Incredibly, in the pottery industry where 'lean manufacturing' is all the rage they attempt to produce finished ware in a matter of hours! They breakdown every operation down to its most basic level (steps). Each step in the process is identified and the skill, tools, material, manpower and time required. By defining the process in this way it is possible to identify the number of steps and value of each step in an operation. Lean manufacturing philosophy requires the removal of waste in all its forms. Waste doesn't mean just waste material, but wasted human movement, wasted product movement, overprocessing, excess stock, not right first time, or wasted waiting time.

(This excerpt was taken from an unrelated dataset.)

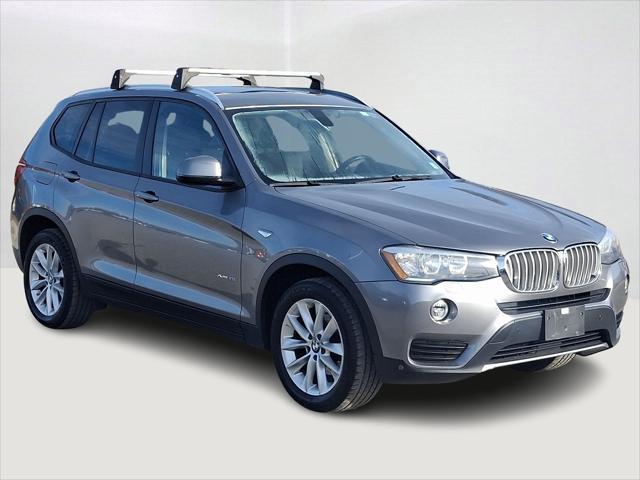 used 2015 BMW X3 car, priced at $7,992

Often the target is to improve efficiency and the first step is to remove as many non value added steps as possible. An example of this might be to remove the clay ware from the sponge/fettling stage immediately to the biscuit kiln instead of to an intermediate storage area. Often by looking at operations in this way new or more robust ways of processing are identified and introduced.
"So what" I hear the true potter say-this means nothing to me. And he is right in some ways! It is often by trial and error that his artistic flair can flourish. A missed out glaze ingredient creates that wonderful new glaze colour or the kiln underfires showing unusual but unique glaze effects!
However he is also wrong in some ways. He has already adopted some of the lean principles without knowing it! Often the potters studio is laid out so all his tools, materials equipment are close at hand (thereby reducing waste movement). He recycles the clay and glaze (reduces waste materials) and tries to make a number of items at a time not just one (reduces waste time).
I believe that both the studio potter and industrial potter can learn from each other. The studio potter can learn to reduce waste allowing him the time to be more creative and the industrial potter can learn to be more creative in design allowing him to sell more product.
Surely making pottery is both a simple art and a sophisticated science! What do you think? I'd welcome your comments.